The estimated value of the settlement excludes attorney fees, said sources familiar with the negotiations. Although that amount has not yet been determined, BP has agreed to pay class counsel fees on top of the settlement value, the sources said.

The Justice Department’s Civil Division and Environment and Natural Resources Division are the lead government actors in the suit against the oil company stemming from the explosion and spill in the Gulf of Mexico in 2010.

“I think we have to wait and see where those efforts lead,” West said. “Right now we don’t have a new trial date set. The court has basically put things off for a period of time.” Associate Attorney General Thomas Perrelli, for whom West will soon take over, played a lead role in negotiations with BP, and West was also involved.

West declined to say whether any BP settlement with the government will be a global civil and criminal deal. Department officials said they remained open to a settlement but were fully prepared to try the case. “The United States will continue to work closely with all five Gulf states to ensure that any resolution of the federal law enforcement and damage claims, including natural resources damages, arising out of this unprecedented environmental disaster is just, fair and restores the Gulf for the benefit of the people of the Gulf states,” a Justice Department spokesman, Wyn Hornbuckle, said in a formal statement last week. Regarding attorney fees, BP is expected to pay the “hold-back” amounts designated for the plaintiffs’ steering committee, which has been spearheading the multidistrict litigation, according to a source familiar with the negotiations.

U.S. District Judge Carl Barbier in New Orleans on Dec. 28 established an escrow account into which BP and the other defendants were required to stash set percentages of any settlements so that the 19-member committee would be guaranteed payment for its “common benefit” work. The hold-back was 6 percent for cases involving individual claimants, including the fishermen and businesses subject to the recent settlement, and 4 percent for claims by the states or their local governments.

The Justice Department would not receive payments from the fund.

The percentages do not represent actual awards of fees or expenses. Instead, they are to be deducted from the fees of the 300 other lawyers with cases in the MDL as contributions to the committee.
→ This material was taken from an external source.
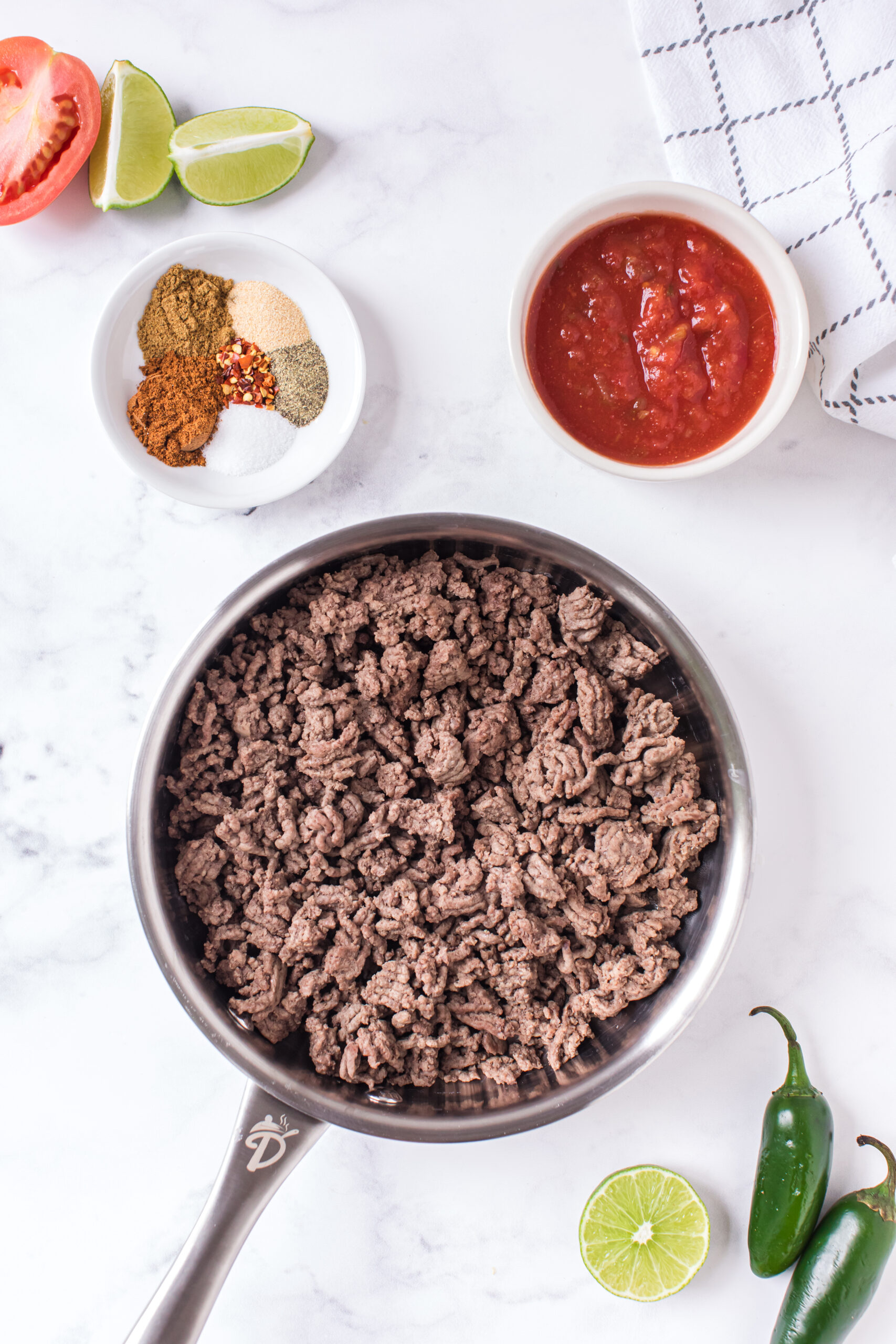 ingredients needed to make seasoned ground beef for nachos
With the recent settlement, BP now will cover those costs, according to a source familiar with the negotiations.

Barbier later amended his order twice, exempting from the hold-back funds any claims against BP by individuals who are not involved in lawsuits and certain environmental claims brought by the states. Another key issue was whether BP must provide a hold-back amount from payments made from the Gulf Coast Claims Facility, BP’s $40 billion reparations fund.

West’s remarks about the BP settlement came during a meeting with reporters about the Justice Department’s success in consumer protection initiatives. Monday marked the start of National Consumer Protection Week.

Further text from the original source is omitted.